Does clearing conversation history help with rate limits?
For future requests, yes — clearing history with /clear reduces the token footprint of subsequent interactions because less context is bundled into each API call. However, it does not retroactively restore quota that was already consumed. The tokens used in previous exchanges have already been counted against your limits. Clearing history is a prevention strategy rather than a retroactive fix. That said, the impact can be substantial: a conversation with 50 back-and-forth exchanges might carry 100,000+ tokens of history in every subsequent request. Clearing that history and starting fresh can reduce per-request token consumption by 80% or more, which directly translates to slower quota depletion going forward.
Can I use a different API endpoint to avoid limits?
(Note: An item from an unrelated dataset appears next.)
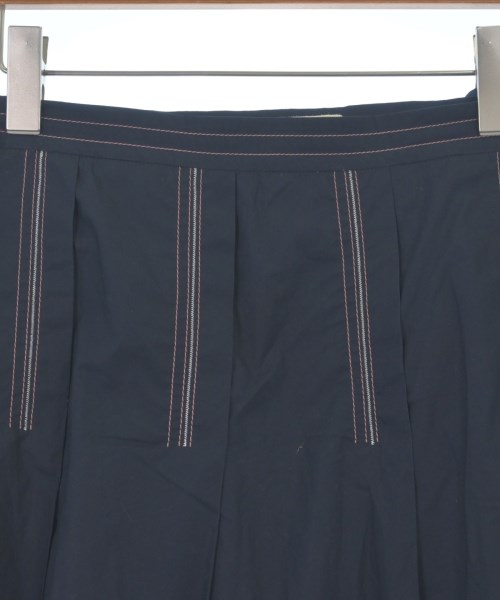 MARNI（マルニ）ロング・マキシ丈スカート 紺 サイズ:44(L位) レディース/2200634055027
Yes. Setting ANTHROPIC_BASE_URL to a third-party routing service redirects Claude Code's API calls through an alternative endpoint with different rate limit policies. Services like laozhang.ai pool capacity across multiple API organizations, which effectively provides higher per-minute throughput than an individual Tier 1 or Tier 2 account. The trade-off is that you pay per token consumed rather than having a fixed monthly quota. This approach is particularly valuable for developers who experience extreme day-to-day usage variance — some days zero usage, other days twelve-hour marathon sessions — because a pay-per-token model aligns costs with actual consumption rather than requiring subscription headroom for peak days.
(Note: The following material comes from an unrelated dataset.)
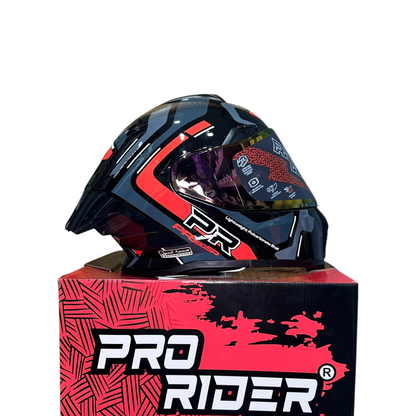 Casco Abatible Pro Rider 390Sp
How long does a rate limit reset take?
For subscription quotas, the 5-hour rolling window means your capacity gradually returns as older interactions age out — you do not need to wait the full five hours. In practice, most users find that 30 to 60 minutes of inactivity frees enough quota for several more interactions, and lighter models recover quota faster since they consumed less in the first place. For API rate limits, the token bucket refills continuously. The retry-after header on 429 responses tells you exactly how many seconds to wait, typically ranging from 1 to 60 seconds depending on how far you exceeded the limit. Acceleration limits (triggered by sudden usage spikes) may require longer cooldown periods of several minutes.
Is there a way to check my current usage before hitting the limit?
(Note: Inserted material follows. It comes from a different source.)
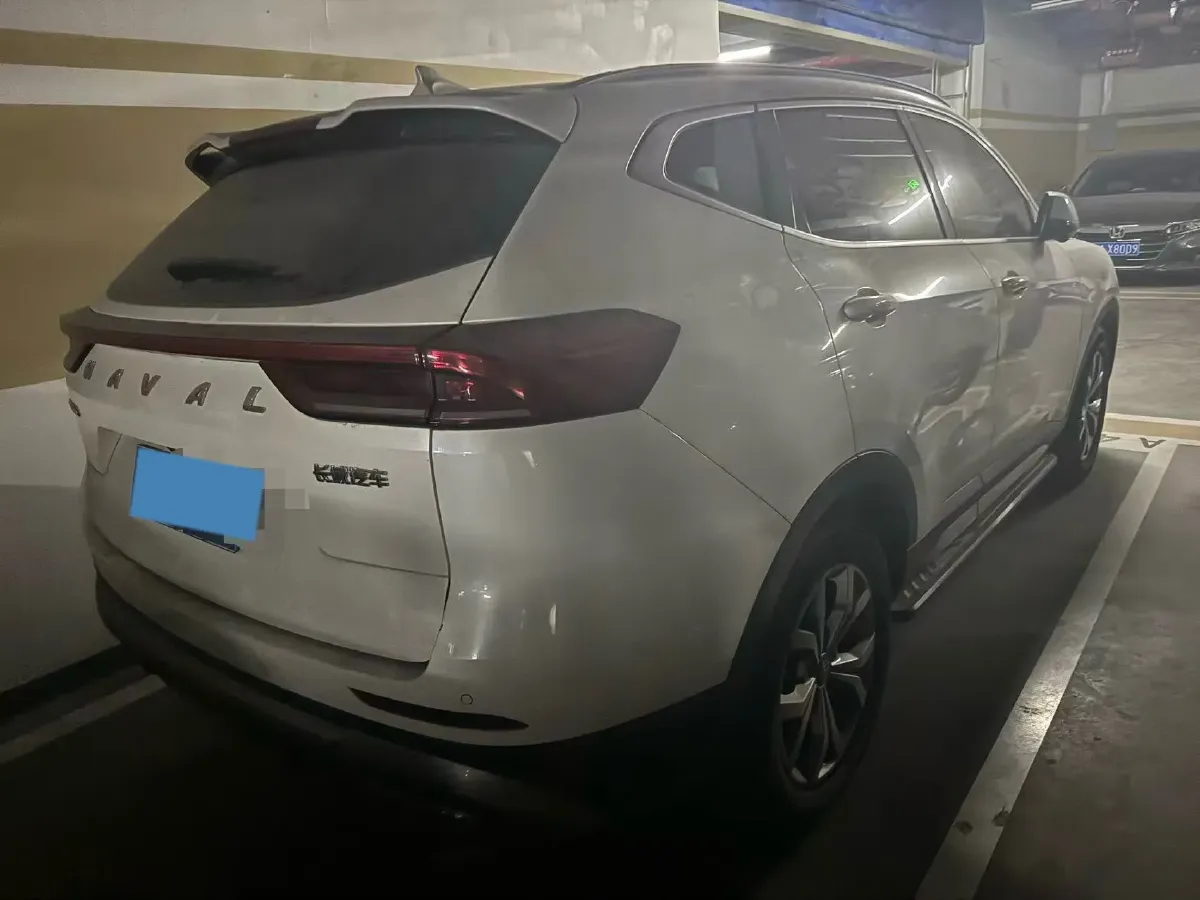 2021 Haval H6 1.5T 150HP L4 7DCT,autocango,china used car exporter,china ev exporter,chinese used car exporter,chinese used ev exporter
For API usage, inspect the response headers on every successful request — anthropic-ratelimit-requests-remaining, anthropic-ratelimit-input-tokens-remaining, and anthropic-ratelimit-output-tokens-remaining tell you exactly how much capacity remains. The Claude Console's Usage page provides historical charts showing your peak consumption rates alongside your rate limit ceiling, which helps you understand patterns and plan for capacity needs. For subscription quotas, the Claude.ai web interface displays a usage indicator, though it updates less frequently than the API headers. Some developers build lightweight monitoring scripts that log these header values after every API call, creating an early-warning system that alerts them when remaining capacity drops below 20% of the limit.